Big Data Flashcards
Elements that conform Big Data
- Velocity.
- Volume.
- Variety.
- Veracity.
- Value.
Velocity
is the speed at which data accumulates, it generates really fast and never stops.
Volume
is the scale of the data or the increase in the amount of data stored.
Variety
is the diversity of the data, data can be structured, semi-structured, and unstructured. Variety means different sources of which data comes from like machines, people, and processes.
Veracity
it’s the quality, origin of data, and its conformity to facts and accuracy. With large amount of data obtain and accumulated, it needs to be classified as real, false, accurate or reliable.
Value
is our ability and need to turn data into value. Value can be profit, medical, or social benefit.
Big Data Processing Tools
- Hadoop.
- Hive.
- Spark.
Hadoop
It is a Java-based (Text form) open-source framework, allows distributed storage and processing of large datasets across clusters of computers.
Hadoop Benefits
- You can incorporate into the system emerging data formats like streaming audio, video, social media, etc. Along with structured, semi-structures, and unstructured data.

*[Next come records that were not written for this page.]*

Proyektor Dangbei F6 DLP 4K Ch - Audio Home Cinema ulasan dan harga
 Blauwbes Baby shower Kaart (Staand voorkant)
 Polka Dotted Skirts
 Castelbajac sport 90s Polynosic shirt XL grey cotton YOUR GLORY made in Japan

- Provides real-time access for stakeholders to the data.
- Optimize and streamline costs in your enterprise data warehouse by consolidating data across the organization and moving “cold” data (data that is not frequent use) to a Hadoop-based system.
Hadoop Distributed File System (HDFS)
Storage system for big data.
Hadoop Distributed File System (HDFS) capacities
- HDFS provides reliable big data storage by partitioning files over multiples notes.
- It splits large files across multiple computers, allowing parallel access to them (different specifics spaces to access data).
- It replicates (copies) file blocks on different nodes to prevent data loss.
- Fast recovery from hardware failures, HDFS can detect faults and automatically recover.
- Access to streaming data (videos).
Hive
It is an open-source data warehouse software for reading, writing, and managing large data that are stored directly on Hadoop or other data storage system.
Spark capacities
- Has in-memory processing which increases the speed of computations.
- It has interfaces for major programing interfaces like Java, Python, R, and SQL.
- It can access data in a large variety of data sources, including HDFS and Hive.
- It can process streaming data fast.
- It can do complex analytics in real-time.
Spark
A general-purpose data processing engine designed to extract and process large volumes of data for a wide range of application in real-time.